Interest in battery electric vehicles (BEVs) is growing rapidly. In 2021, electric cars account for only 4 percent of the global passenger vehicle sales. By 2030, this figure is expected to rise to over 30 percent. However, such a strong increase in demand will create new risks for the lithium-ion battery supply chain, particularly around the availability of raw materials. In the new publication “The lithium-ion (EV) battery market and supply chain”, Roland Berger analyzes these challenges and shows how companies can overcome them.
“The battery pack is a key component of electric mobility. The cost depends on the precise cell technology used, where the battery is produced and to a very large extent on the price of the raw materials,” says Wolfgang Bernhart, Partner at Roland Berger. “Increased raw material costs have already made electric car batteries massively more expensive to produce in recent months. The war in Ukraine is exacerbating things even further. While this will not halt the trend towards electric vehicles, it may slow it down.”
New risks in the supply chain
The global lithium-ion battery market is expected to show an annual growth of 30 percent through to 2030. The increase in production will significantly add to the strain on the battery supply chain. Most critical is the dependency on certain raw and refined materials such as cobalt and nickel sulphates as well as lithium. These materials account for more than 30 percent of the cell costs, with cells in turn making up about 75 percent of the total cost of the battery pack.
In this publication, Roland Berger experts identify four main areas of supply chain risks:
Geopolitical factors: The extraction and processing of crucial resources like lithium is concentrated in a small number of countries. About one-tenth of all nickel comes from Russia – thus leading to massive price reactions on the commodity markets with the beginning of the war in Ukraine.
ESG: Battery manufacturing has a significant environmental and social impact. Lithium extraction uses high quantities of water and some production processes emit large amounts of CO2.
Price: Next to the fluctuating raw material prices, the costs of the additional production capacities in the “mine to cell” value chain must also be considered. Capital expenditure of EUR 250-300 billion over the next eight years is forecast, a third of which will go towards meeting European demand.
Supply: The availability of certain materials will become critical. Shortages of both a temporary and a long-term nature are expected for nickel and cobalt or their sulphates, and for lithium in particular.

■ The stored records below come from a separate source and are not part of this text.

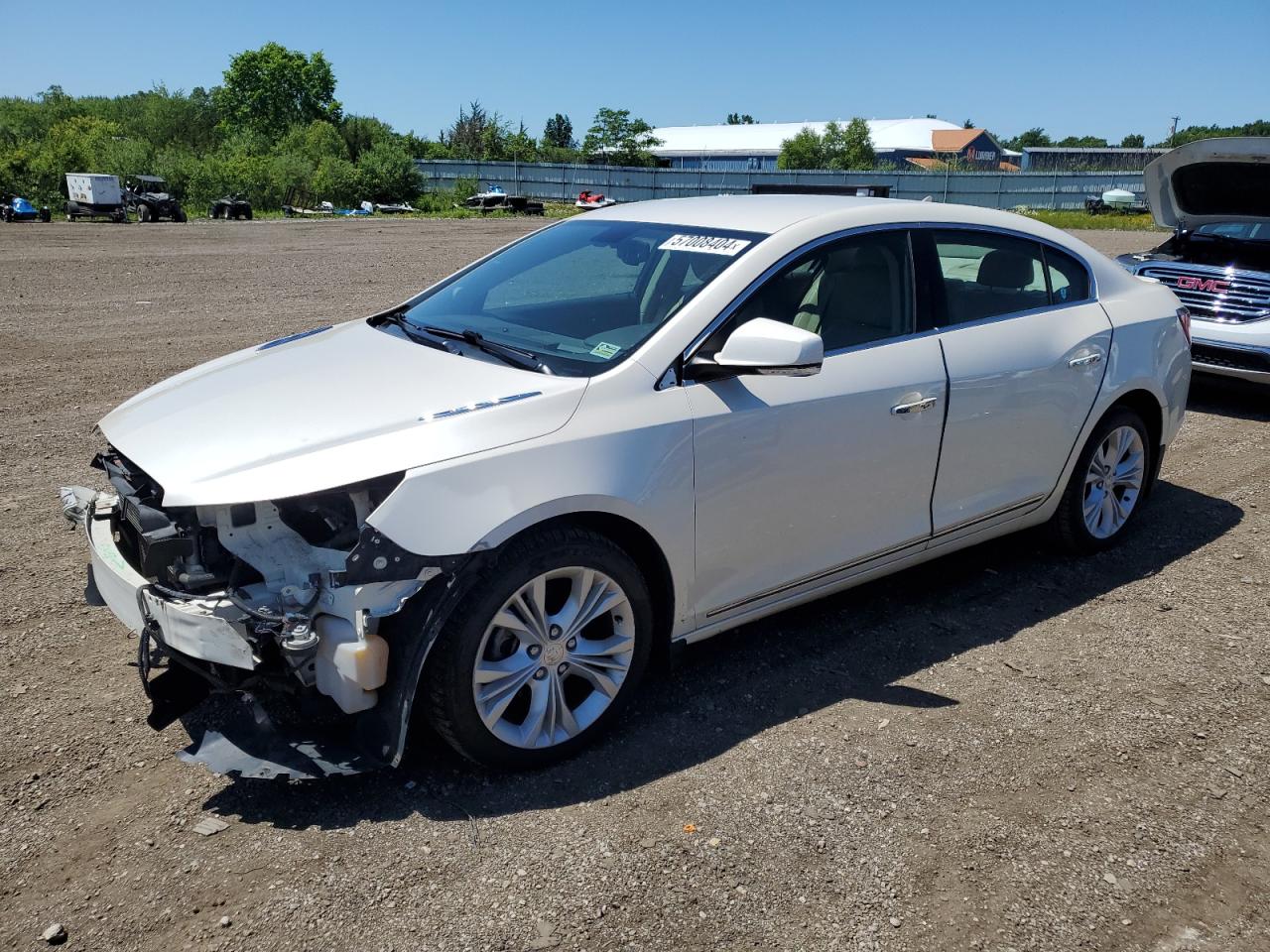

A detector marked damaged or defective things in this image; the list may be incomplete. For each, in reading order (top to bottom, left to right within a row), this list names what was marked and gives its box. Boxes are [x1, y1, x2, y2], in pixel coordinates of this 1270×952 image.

damaged front end of car [62, 451, 469, 776]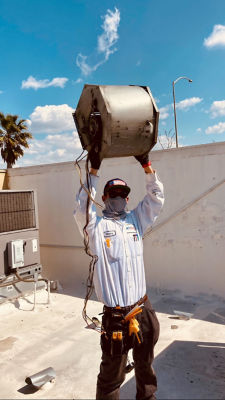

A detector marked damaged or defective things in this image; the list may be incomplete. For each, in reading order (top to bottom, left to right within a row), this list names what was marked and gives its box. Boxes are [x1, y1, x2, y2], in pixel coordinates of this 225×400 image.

rusty metal cylinder [73, 84, 159, 159]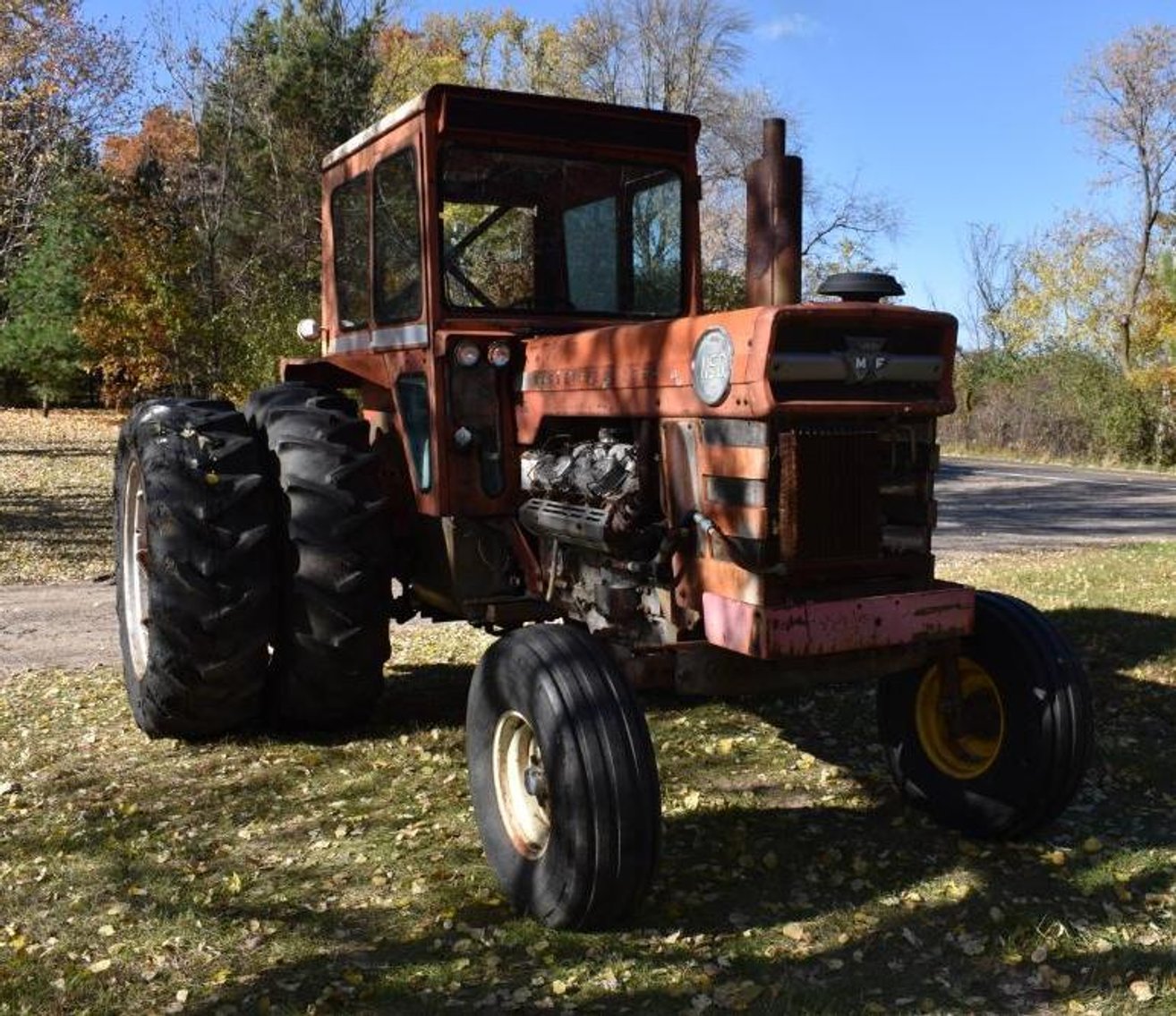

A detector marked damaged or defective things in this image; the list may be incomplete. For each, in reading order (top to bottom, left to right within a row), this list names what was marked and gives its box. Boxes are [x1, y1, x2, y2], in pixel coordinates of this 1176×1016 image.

rusty red tractor [115, 85, 1095, 931]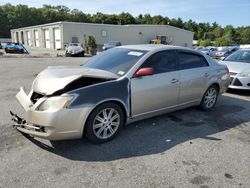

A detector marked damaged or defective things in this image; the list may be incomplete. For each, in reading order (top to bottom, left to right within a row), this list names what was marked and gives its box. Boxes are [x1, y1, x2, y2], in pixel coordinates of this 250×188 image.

damaged front bumper [11, 87, 92, 140]
crumpled hood [32, 66, 119, 95]
damaged car [11, 45, 230, 142]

Countering shortages with recycling, regionalization and vertical integration of raw material supply
Avoiding these shortfalls will require changes throughout the entire battery supply chain. “On a production level, an integrated approach between metallurgy and chemistry will help reduce costs,” states Bernhart. “Greater regionalization and co-location of multiple steps in battery manufacturing can also mitigate geopolitical and ESG risks. Recycling, too, will take on an increasingly important role from the end of the decade onward.”
As regulatory requirements evolve, companies throughout the value chain will find themselves more and more obligated to implement a circular battery economy. The potentially recoverable materials from batteries will be vital in ensuring that supply can meet the rising demand. “Strategically, OEMs and battery manufacturers can also increase their involvement in the upstream supply chain. This may range from long-term supply agreements to partnerships or investments,” says Bernhart. “Positioning oneself at all critical control points along the supply chain is a complex and costly undertaking, but it will provide a strong competitive advantage.”